News
- Former editors: Senta Ziegler; Peter Pelinka;
- Categories: News magazine
- Frequency: Weekly
- Founder: Helmut Fellner; Wolfgang Fellner;
- Founded: 1992
- First issue: October 1992
- Company: VGN
- Country: Austria
- Based in: Vienna
- Language: German
- Website: News

= NEWS (Austrian magazine) =

News magazine in Austria

News is an Austrian weekly news magazine published in German and based in Vienna, Austria. The weekly is the major news magazine in the country and has been in circulation since October 1992.

==History and profile==
News magazine was established by Helmut and Wolfgang Fellner and was first published in October 1992. The Verlagsgruppe News is the publisher of the magazine which is published weekly. The Fellner brothers sold the some shares of the company to Gruner + Jahr, a subsidiary of Bertelsmann. In 2016 Gruner + Jahr sold its shares to the Verlagsgruppe News, known as VGN.

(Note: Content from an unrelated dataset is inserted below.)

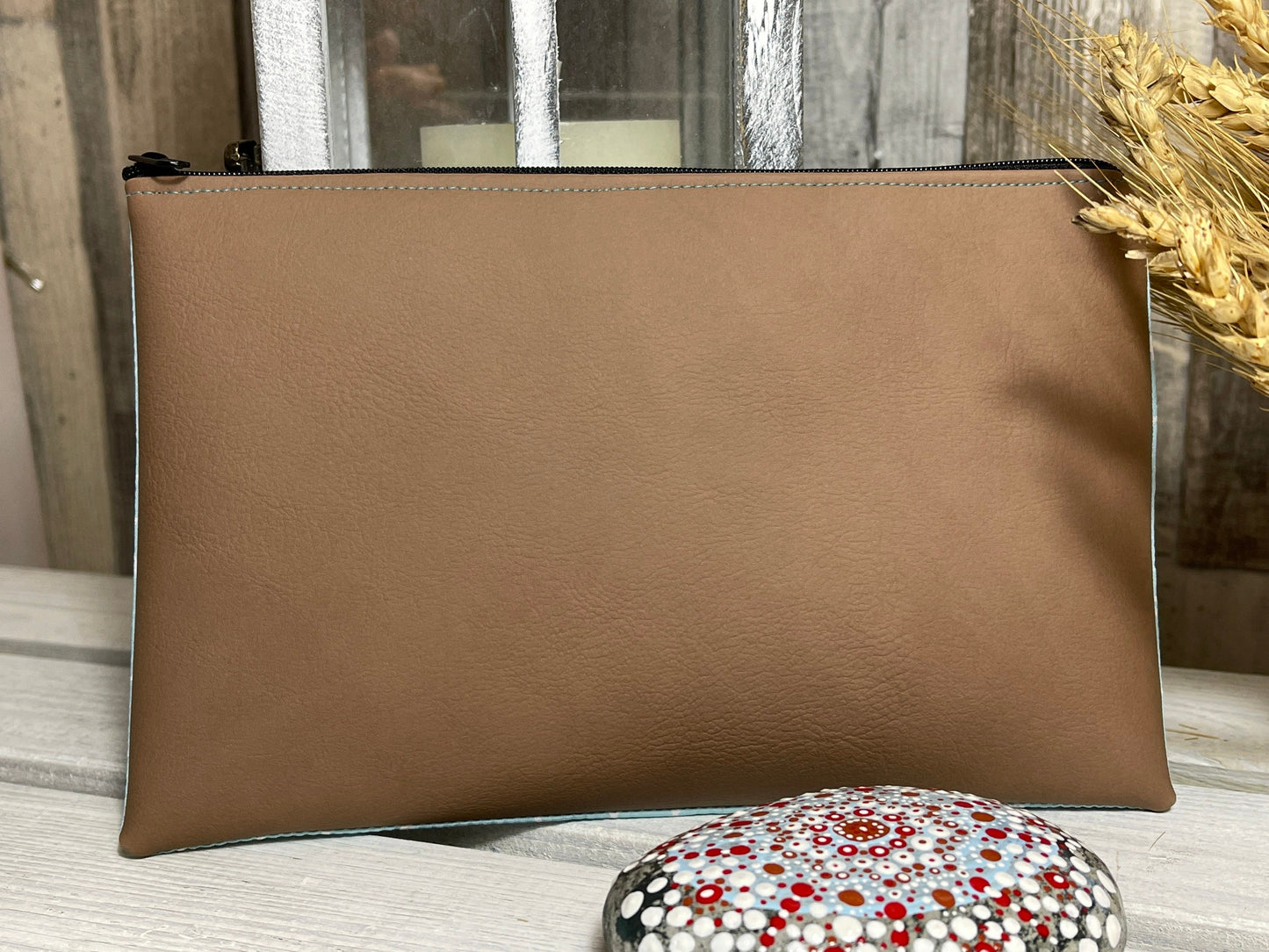 Federtasche Kosmetik MODI Winter Entchen blau/braun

News covers entertainment and lifestyle topics as well as news on current affairs, politics and culture.

In the 1990s Senta Ziegler served as the editor-in-chief of the magazine. Until 2008 Andreas Weber was the editor-in-chief of the weekly. Then Atha Athanasiadis served as the editor-in-chief of the News magazine from 2008 to February 2010. As of 2010 the editor-in-chief of the magazine was Peter Pelinka who was appointed to the post in February that year. Corinna Milborn and Silvia Meister were the deputy editors of the weekly.

==Circulation==
News sold more than 200,000 copies in 1993. The market share of the magazine was 19.3% in 2000. The magazine had a circulation of 254,000 copies in 2003. Its readership in 2005 was about 14%, making it the first in its category. In 2007 the magazine sold 285,000 copies.

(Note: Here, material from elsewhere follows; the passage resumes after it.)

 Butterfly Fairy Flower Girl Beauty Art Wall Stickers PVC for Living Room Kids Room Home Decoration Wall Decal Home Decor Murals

For the first half of 2008 the magazine had a circulation of 125,710 copies. It was the third best-selling magazine in the country in 2008. News sold 215,000 copies in 2010. In 2012 its circulation was 125.751 copies, and it was 135,875 copies in the first half of 2013.

==Incidents==
In June 2005, News was fined by an Austrian court following its publication of Finance Minister Karl Heinz Grasser's photos kissing Fiona Swarovski, an heiress of the Swarovski crystal dynasty.